Covariance of lot effects are negligible. Actually this assumption has little justification. however, with only 6 lots the covariances are not well determined. So we assume they are zero.
The dissolution profile of all units (tablets) can be adequately described by a 3-parameter Weibull model. The Weibull model does have a good success history.
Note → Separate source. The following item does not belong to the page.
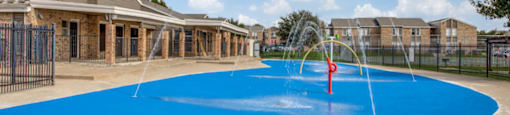 Outdoor splash pads with water features at Monarch Pass in Fort Worth, Texas, near South Fort Worth.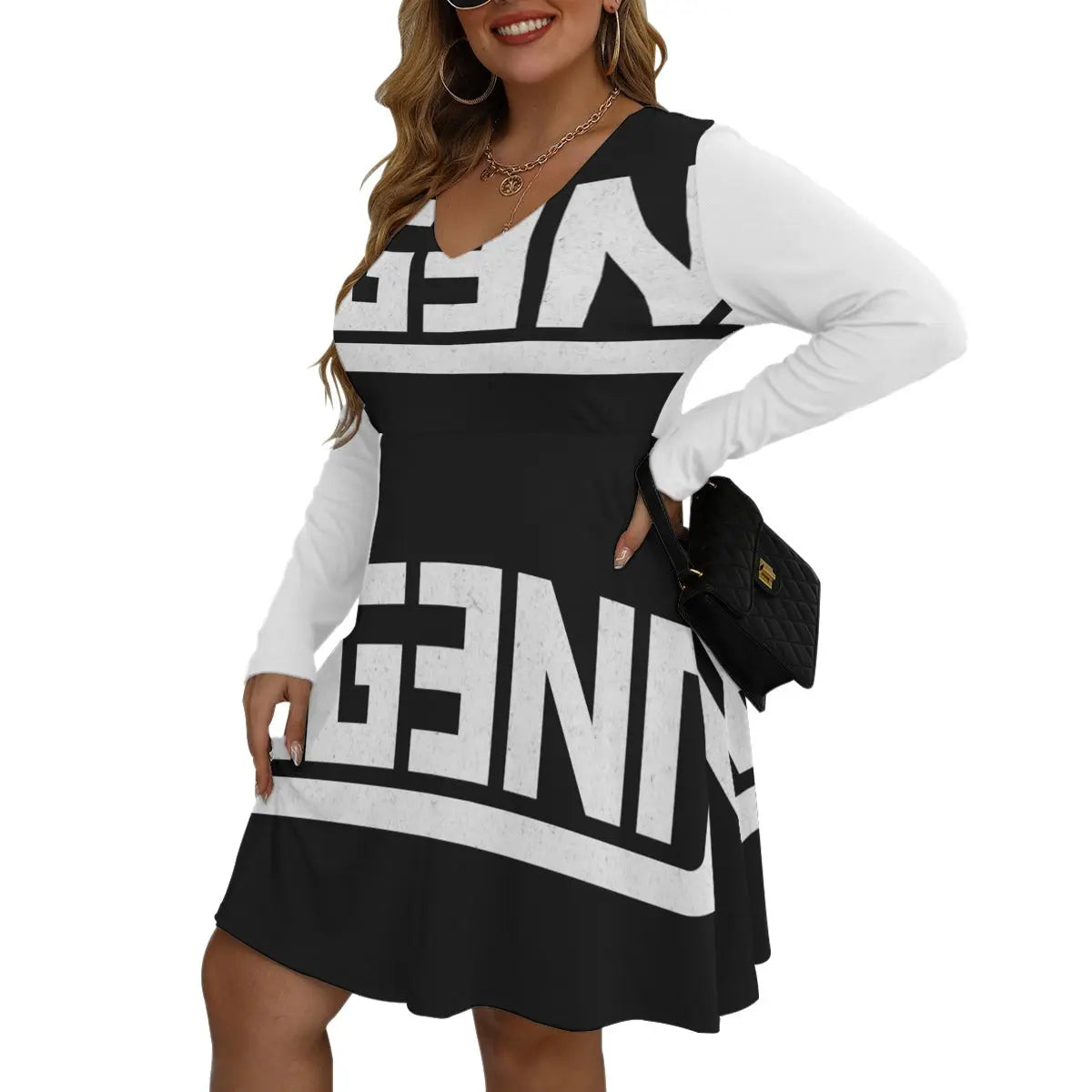 Woman wearing a V-neck Bell Dress with long sleeves and bold graphic design, holding a purse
However, there are other models that may be appropriate in various applications.
Hierarchical likelihood sampling model
\({{y}_{n}}\overset{iid}{\mathop{\sim{\ }}}\,N\left( {{w}_{n}},{{\sigma }^{2}} \right)\)
\({{w}_{n}}={{\theta }_{1,uni{{t}_{n}}}}\cdot \left[ 1-\exp \left\{ {{\left( -\frac{{{t}_{n}}}{\exp \left( {{\theta }_{2,uni{{t}_{n}}}} \right)} \right)}^{\exp \left( {{\theta }_{3,uni{{t}_{n}}}} \right)}} \right\} \right]\)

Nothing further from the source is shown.